## ABOUT THIS EXERCISE
From the entries that follow, copy exactly the lines beginning at the line holding "Agraviados llegaron a" and continuing through the line holding "Apartment A8, for 6 persons".

━━━ DATA UNDER STUDY

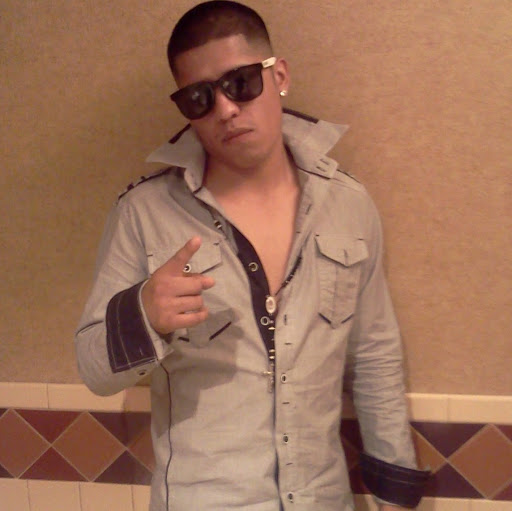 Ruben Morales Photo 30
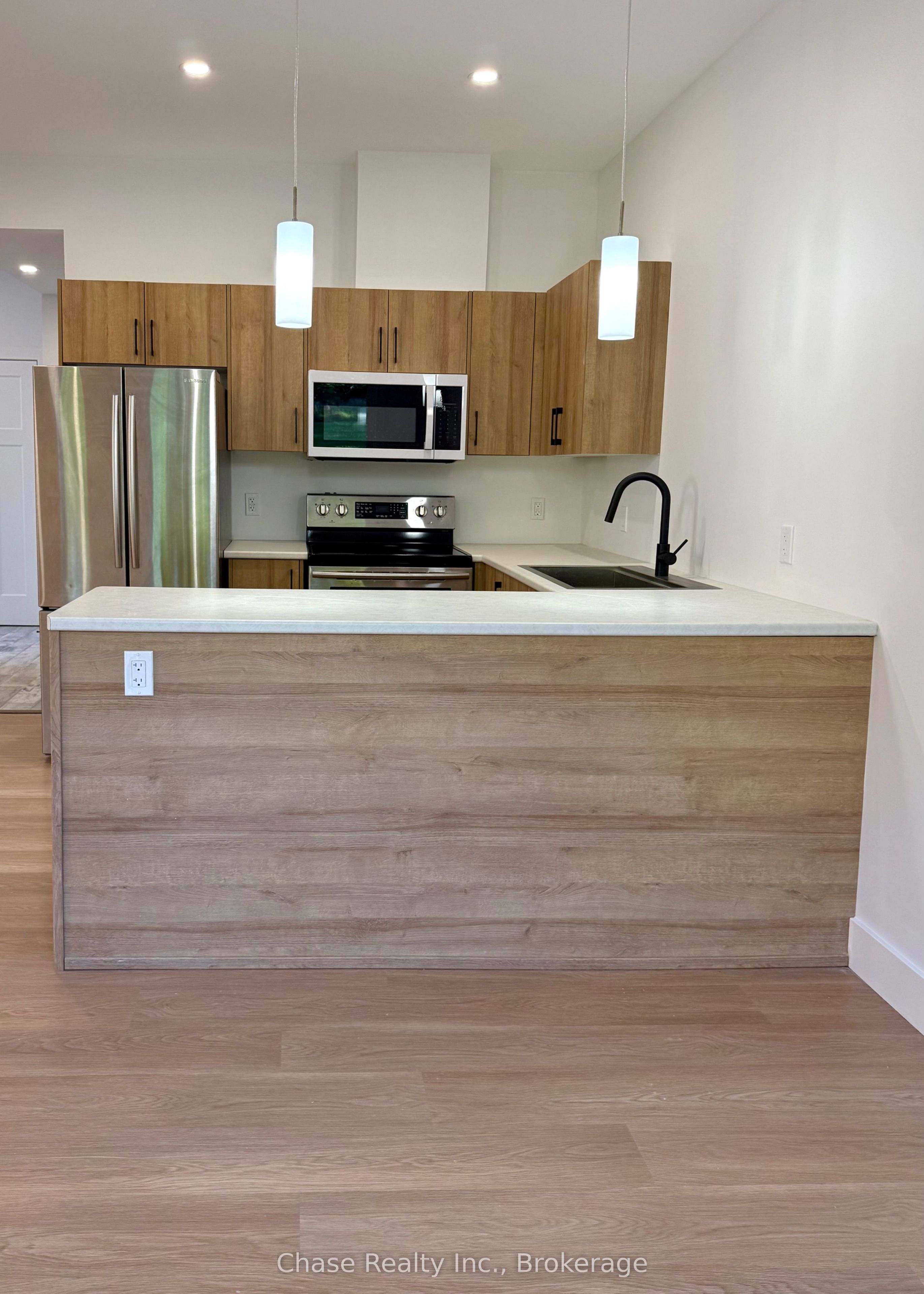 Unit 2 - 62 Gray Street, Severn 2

━━━━━━
━━━ DATA UNDER STUDY

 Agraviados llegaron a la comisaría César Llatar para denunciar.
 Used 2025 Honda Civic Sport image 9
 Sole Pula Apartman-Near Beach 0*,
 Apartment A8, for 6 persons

━━━━━━
━━━ DATA UNDER STUDY

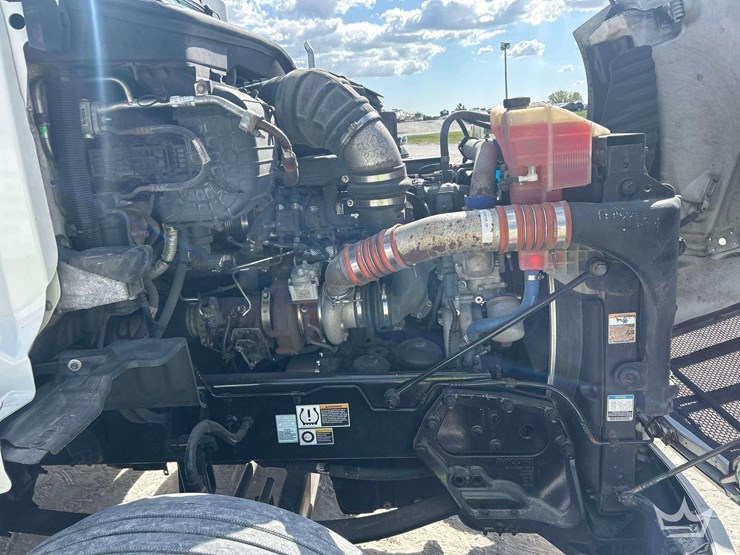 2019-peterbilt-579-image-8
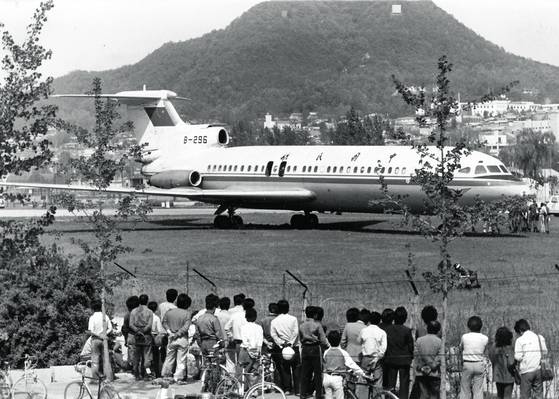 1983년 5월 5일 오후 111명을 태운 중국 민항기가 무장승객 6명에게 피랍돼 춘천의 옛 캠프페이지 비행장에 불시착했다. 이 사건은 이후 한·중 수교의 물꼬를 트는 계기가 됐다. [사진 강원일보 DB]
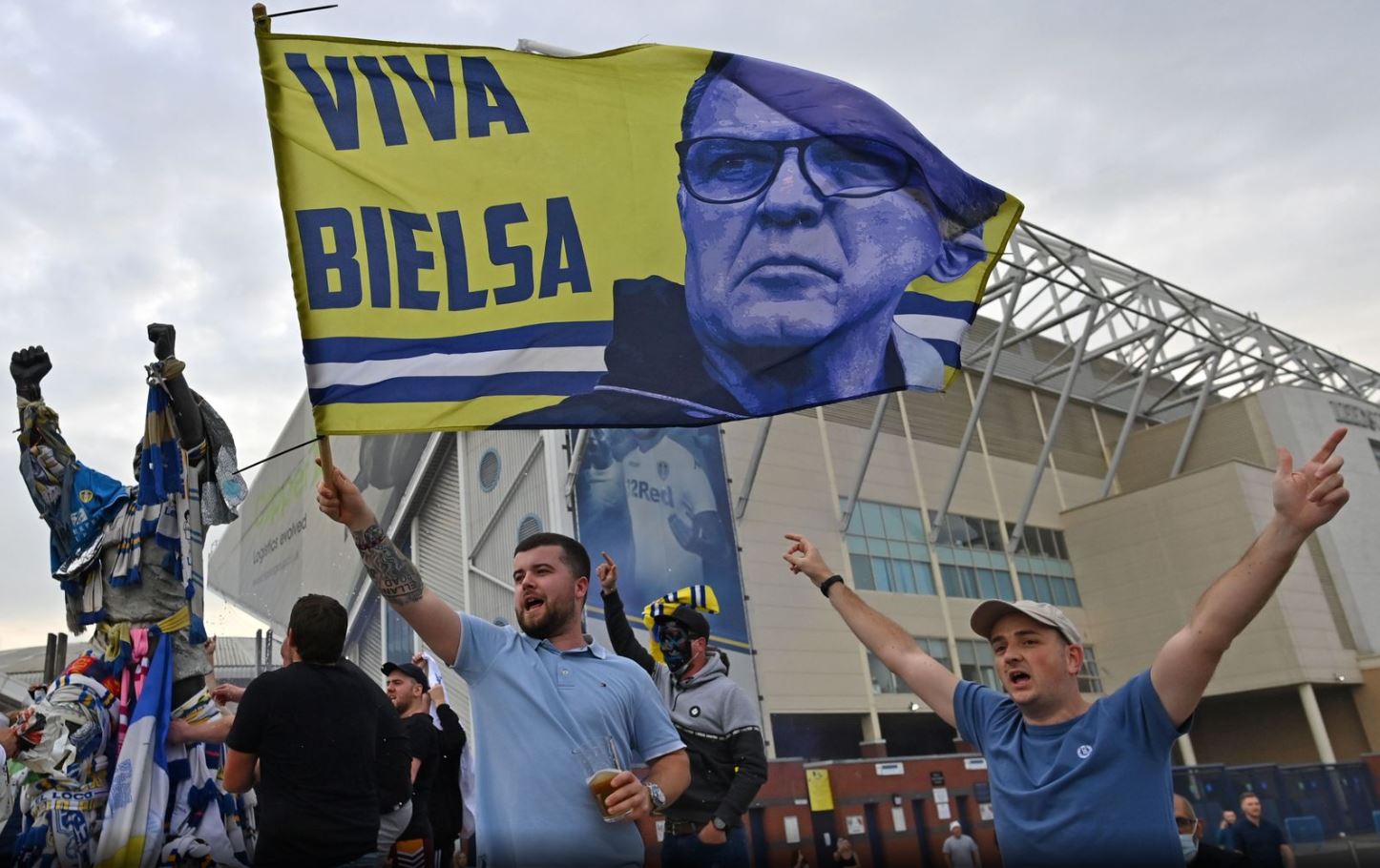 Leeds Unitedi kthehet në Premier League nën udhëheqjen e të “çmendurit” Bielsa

━━━━━━

## RESPONSE
 Agraviados llegaron a la comisaría César Llatar para denunciar.
 Used 2025 Honda Civic Sport image 9
 Sole Pula Apartman-Near Beach 0*,
 Apartment A8, for 6 persons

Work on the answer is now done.